_INSTRUCTIONS FOR THE TASK:_
Below are lines of data; restate word for word those running from the line containing "IRIS-PSEUDATA-Take-No-Satoa5f4b9146b9bf4cf.jpg" to the line containing "Shark Ray Alley", inclusive, and no others.

_DATA EXCERPTS:_
• • • •
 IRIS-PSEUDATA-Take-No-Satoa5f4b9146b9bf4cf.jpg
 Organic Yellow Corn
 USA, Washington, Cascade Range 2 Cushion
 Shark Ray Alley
• • • •
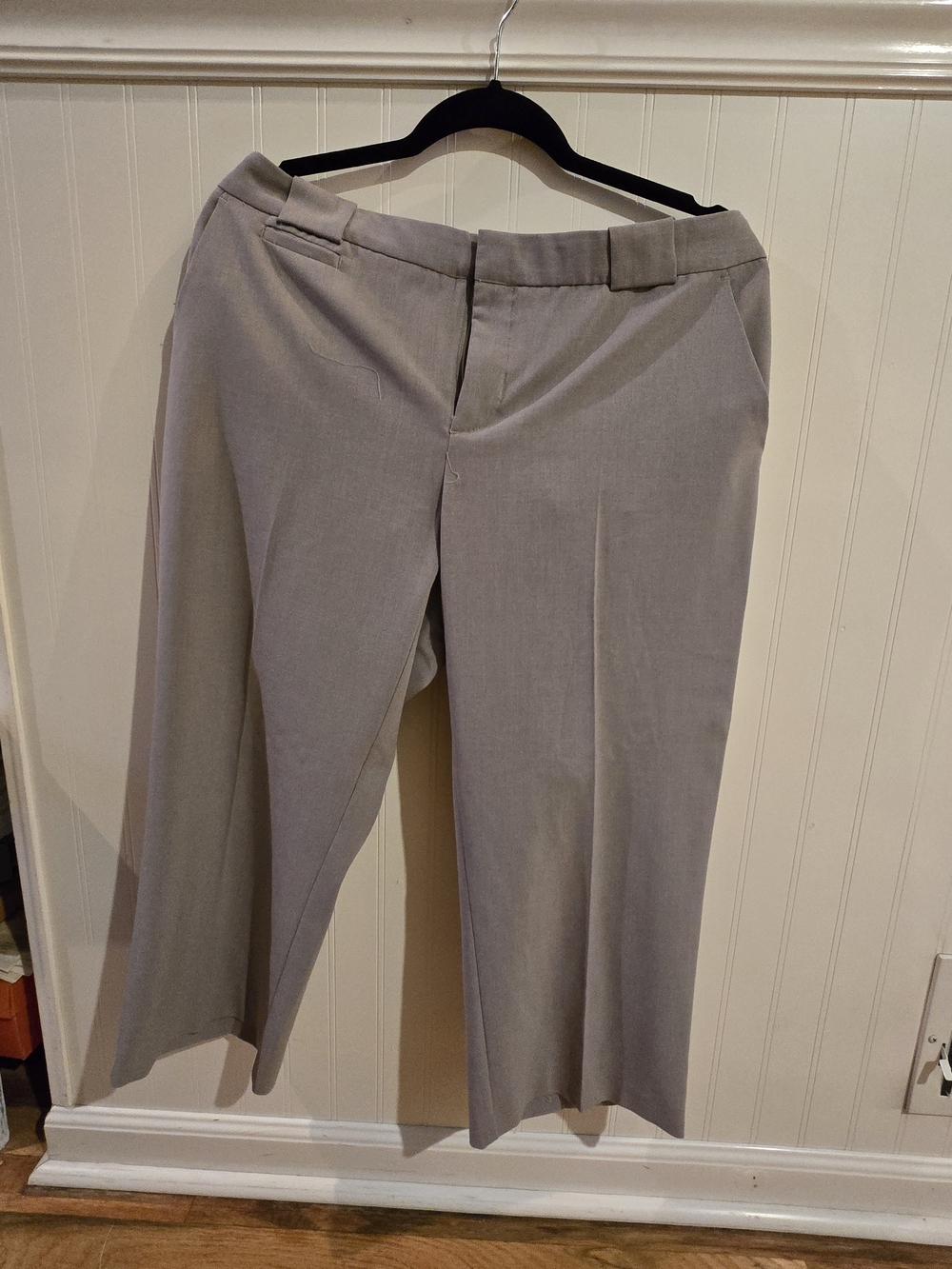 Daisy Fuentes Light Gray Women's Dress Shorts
• • • •
_OUTPUT FOR THIS EXERCISE:_
 IRIS-PSEUDATA-Take-No-Satoa5f4b9146b9bf4cf.jpg
 Organic Yellow Corn
 USA, Washington, Cascade Range 2 Cushion
 Shark Ray Alley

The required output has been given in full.